それらは、金利上昇や経済成長率の低下、地政学的緊張の高まりといった厳しい現実によって変化しています。米国では、新政権が気候変動への対応方針を急速に転換し、化石燃料の使用再開を積極的に推進しようとしています。欧州でさえも、炭素取引などの主要な気候政策の一部を縮小し始めています。

この動きは私が注力しているアジア太平洋地域にも影響を与えています。この地域の発展途上国の多くでは、人口の増加に伴いエネルギー需要が増え続けています。この旺盛な需要に対して、安価でクリーンなエネルギーを安定的に供給するという「エネルギーのトリレンマ」の解消に取り組んでいます。

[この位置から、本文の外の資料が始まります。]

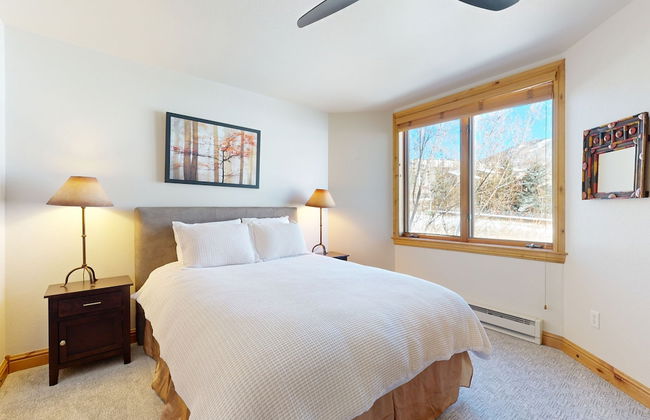 Torian Plum Condominiums - Foto 22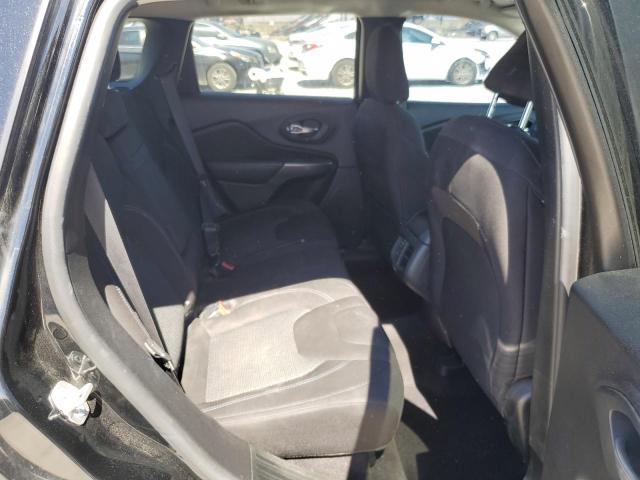 1C4PJLCB6KD175407 Jeep Cherokee Latitude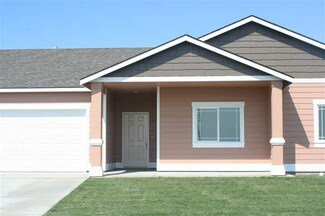 1120 W Clark Rd, Connell, WA 99326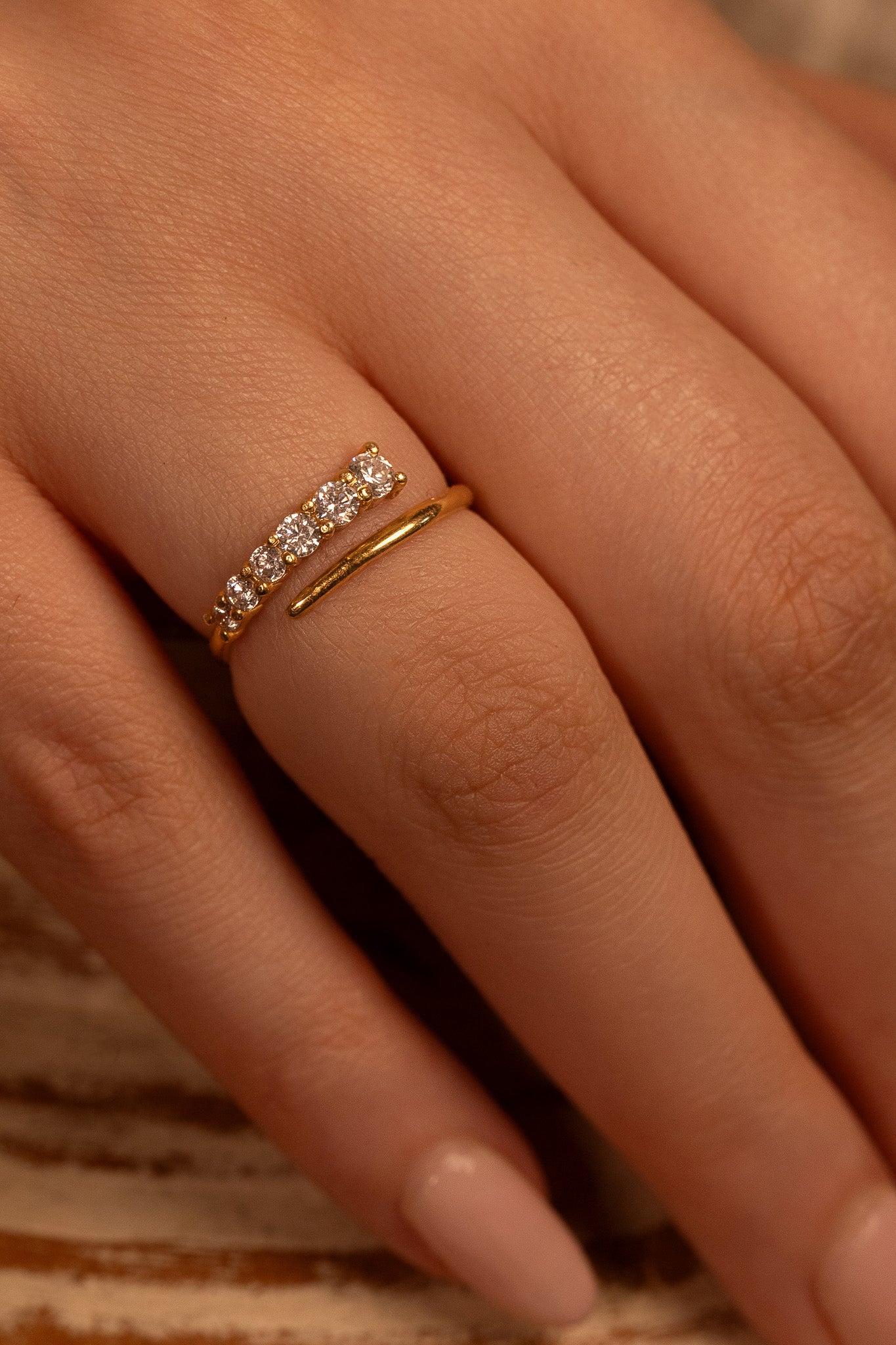 Infinity loop ring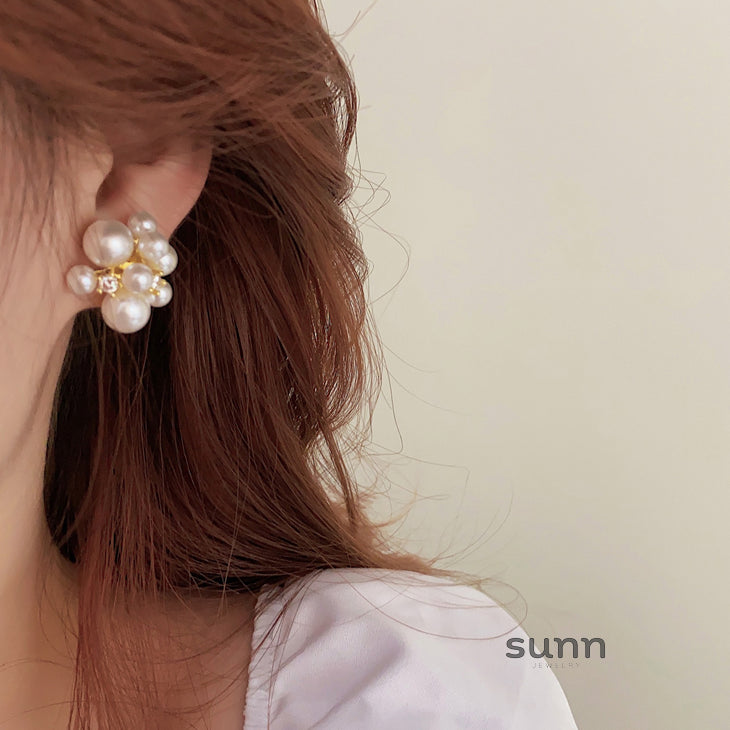 Gracie Vintage Pearl Studs [8FPPPUIP]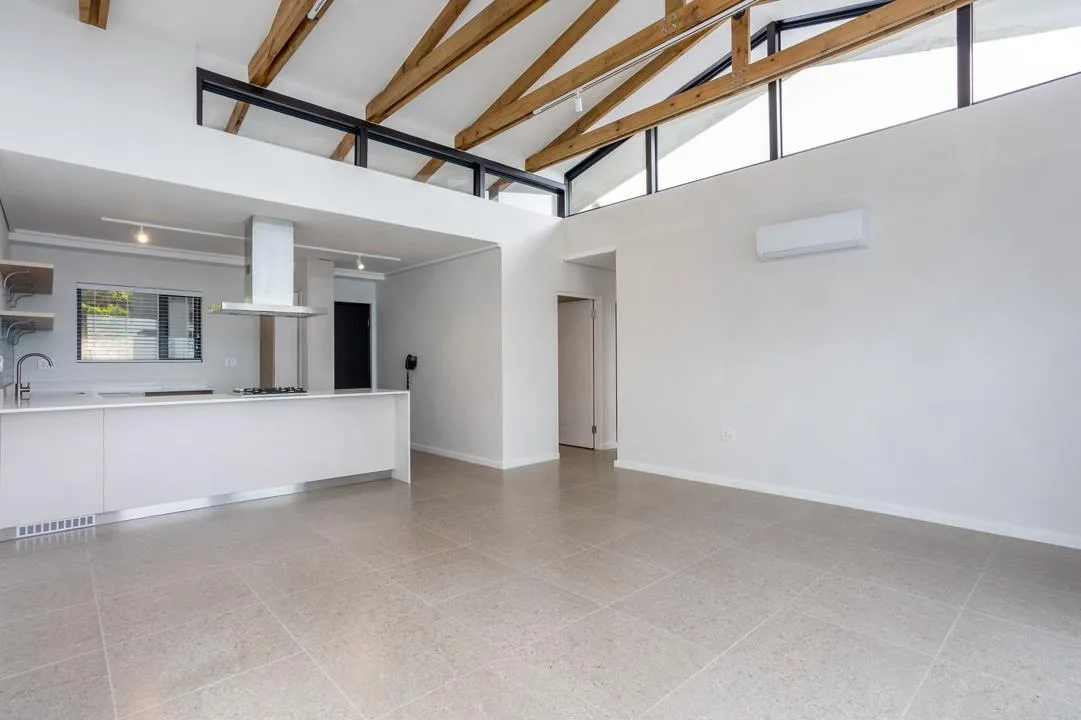 2 Bedroom Apartment / flat to rent in Muizenberg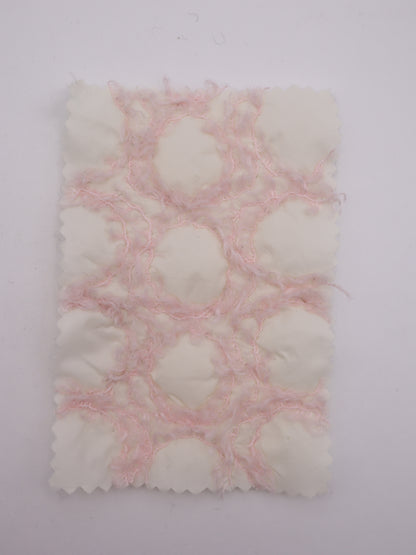 幾何柄フリンジヤーン刺繍キルティング中綿タフタ｜【生地幅】約101センチ 【混率】表地：ポリエステル100％｜ドッグウエア・KIDSウエア・アウター・雑貨向き｜26AW-218
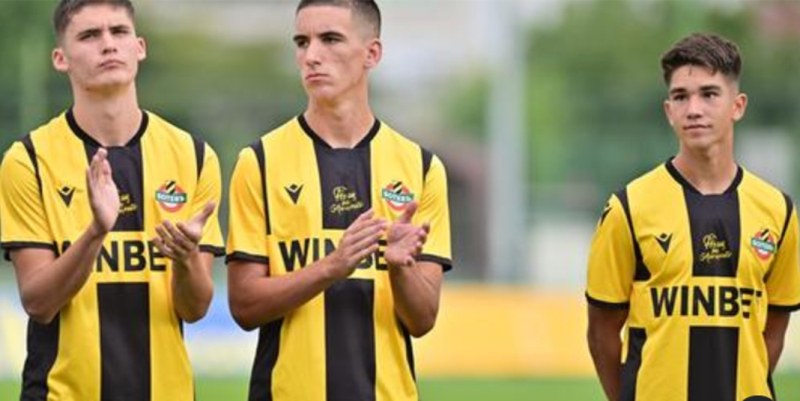 Четирима юноши на Ботев (Пловдив) бяха повикани за националния отбор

私はこの1年間、シンガポールを拠点にASEANの主要国を複数回訪問しました。それぞれの国が特有の資源を持ち、固有の課題を抱えていますが、多くの国ではエネルギーの安全保障よりも経済性がより重視され、さらに迅速な脱炭素化への取り組みの優先度は3番目に位置づけられているという印象を強く持ちました。

それ故に、私たち三菱重工グループを含む民間企業は、アジアの国々が、こ の3つの要因のバランスを保ちながらトリレンマを解消するために、どのように貢献できるかが問われています。

問題解消へのステップ

最初のステップは、エナジートランジションを達成するための適切な計画を策定することです。マレーシアやインドネシア、タイ、ベトナム、そして日本を含め、ほとんどの国が2050年までにCO2排出量ネットゼロを達成する目標を掲げています。その中には、2030年と2040年の中間目標や、様々なエネルギー構成の目標値を設定している国もあります。例えば、ベトナムでは今年2月に2030年までに太陽光発電の構成比をこれまでの5%から16%まで増やすことを発表しています。

しかしながら、ベトナムの新しいエネルギー政策指針では、2030年までに以前の予想よりも40%多いエネルギーが必要になるという警鐘も鳴らしています。シンガポールを除き、アジアの国々で自国の経済的なニーズを満たすために十分なクリーン電力を導入するための詳細なロードマップを策定できている国はほとんどないのが実情です。

Asia Pacific is the world’s fastest-growing region, but the emissions are rising too.
アジアパシフィックは世界で最も急速に成長している地域であるが、CO2排出量も同時に増加している。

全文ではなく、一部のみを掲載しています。